● **Supplied data**

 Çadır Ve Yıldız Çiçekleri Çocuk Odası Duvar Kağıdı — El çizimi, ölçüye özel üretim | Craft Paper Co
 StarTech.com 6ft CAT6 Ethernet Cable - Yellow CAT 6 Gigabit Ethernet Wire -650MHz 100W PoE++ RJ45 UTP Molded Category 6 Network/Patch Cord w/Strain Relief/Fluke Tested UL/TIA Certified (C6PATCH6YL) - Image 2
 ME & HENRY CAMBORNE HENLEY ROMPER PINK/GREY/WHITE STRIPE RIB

* * *

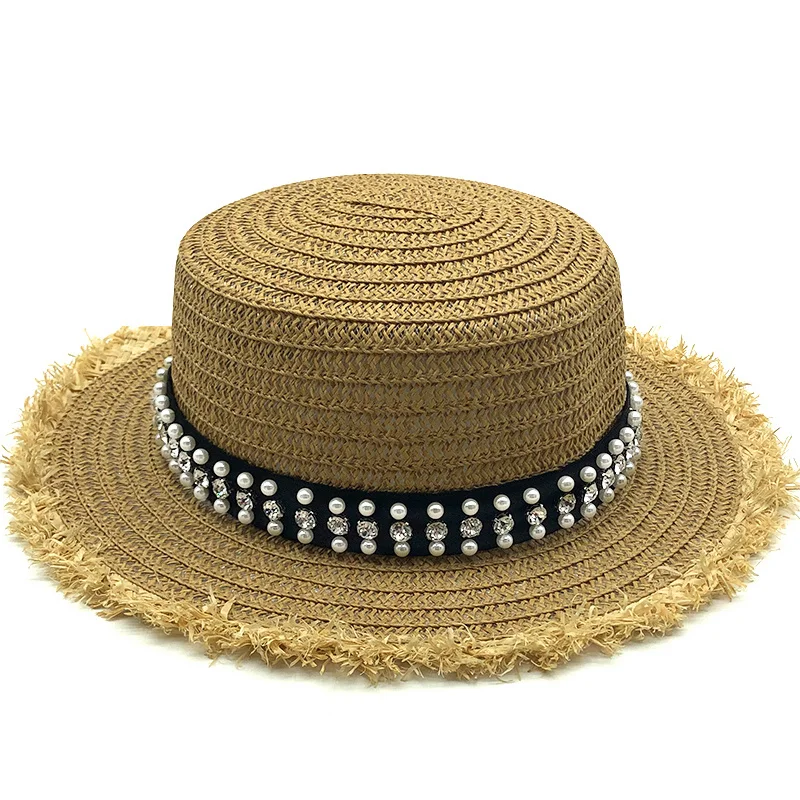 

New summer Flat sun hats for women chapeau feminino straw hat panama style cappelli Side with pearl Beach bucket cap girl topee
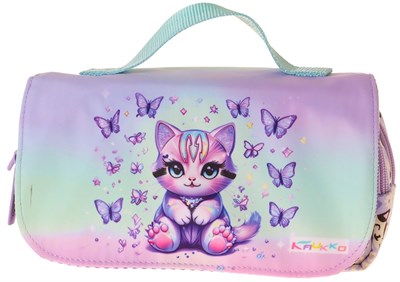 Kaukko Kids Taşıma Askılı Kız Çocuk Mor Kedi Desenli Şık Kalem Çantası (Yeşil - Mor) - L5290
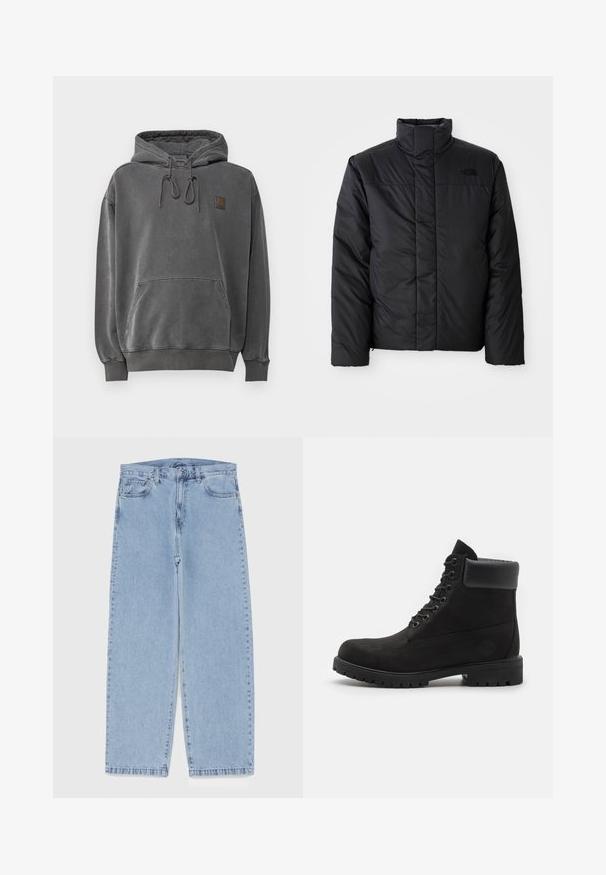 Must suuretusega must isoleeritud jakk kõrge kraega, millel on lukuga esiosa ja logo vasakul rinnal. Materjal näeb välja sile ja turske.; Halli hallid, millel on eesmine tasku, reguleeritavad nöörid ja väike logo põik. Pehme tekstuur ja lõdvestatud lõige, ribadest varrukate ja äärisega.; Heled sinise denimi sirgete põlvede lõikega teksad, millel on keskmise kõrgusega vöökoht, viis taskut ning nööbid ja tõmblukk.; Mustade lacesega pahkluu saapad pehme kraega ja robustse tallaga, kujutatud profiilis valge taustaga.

---

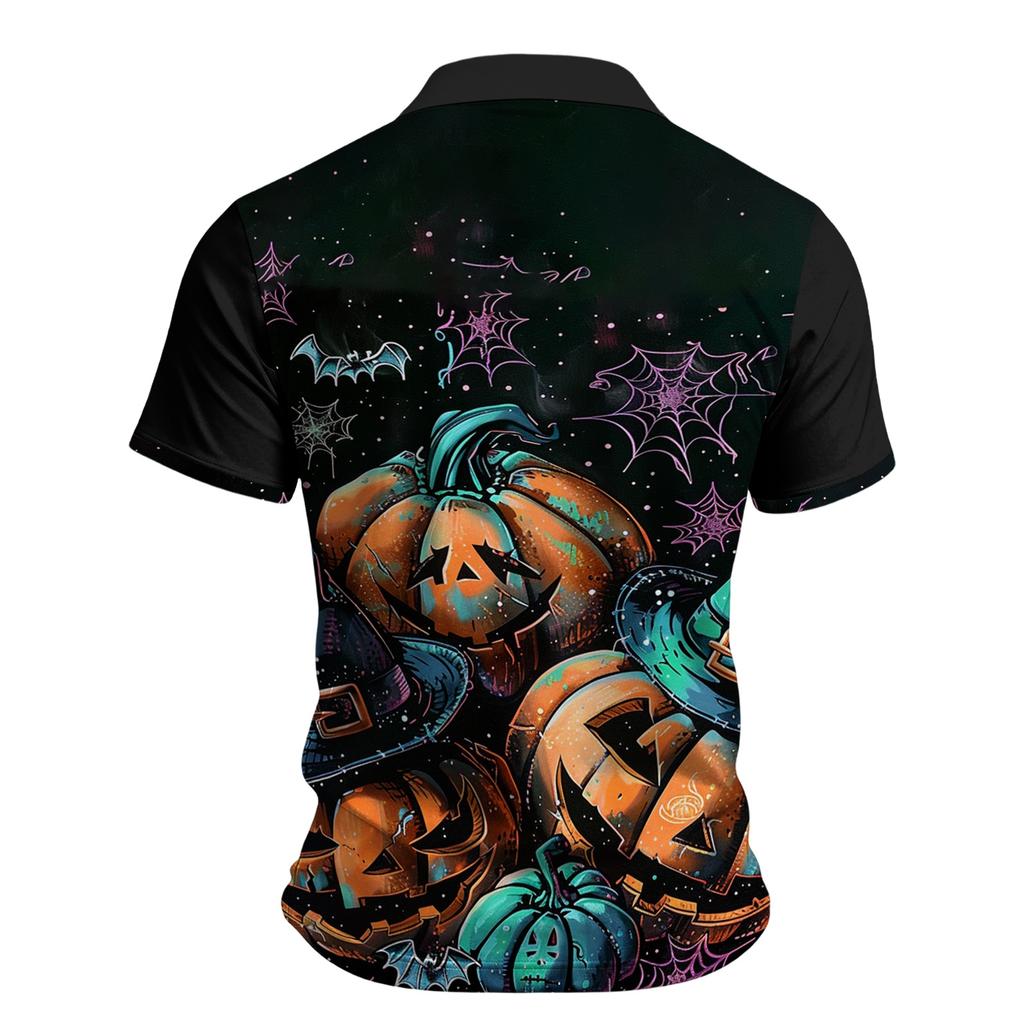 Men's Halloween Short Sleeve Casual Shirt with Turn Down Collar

● **Problem**
Range to print from the listing above: from the line with "New summer Flat" up to and including the line with "Must suuretusega must". Please print those lines exactly, with no pictures and nothing more.

● **Answer area**
New summer Flat sun hats for women chapeau feminino straw hat panama style cappelli Side with pearl Beach bucket cap girl topee
 Kaukko Kids Taşıma Askılı Kız Çocuk Mor Kedi Desenli Şık Kalem Çantası (Yeşil - Mor) - L5290
 Must suuretusega must isoleeritud jakk kõrge kraega, millel on lukuga esiosa ja logo vasakul rinnal. Materjal näeb välja sile ja turske.; Halli hallid, millel on eesmine tasku, reguleeritavad nöörid ja väike logo põik. Pehme tekstuur ja lõdvestatud lõige, ribadest varrukate ja äärisega.; Heled sinise denimi sirgete põlvede lõikega teksad, millel on keskmise kõrgusega vöökoht, viis taskut ning nööbid ja tõmblukk.; Mustade lacesega pahkluu saapad pehme kraega ja robustse tallaga, kujutatud profiilis valge taustaga.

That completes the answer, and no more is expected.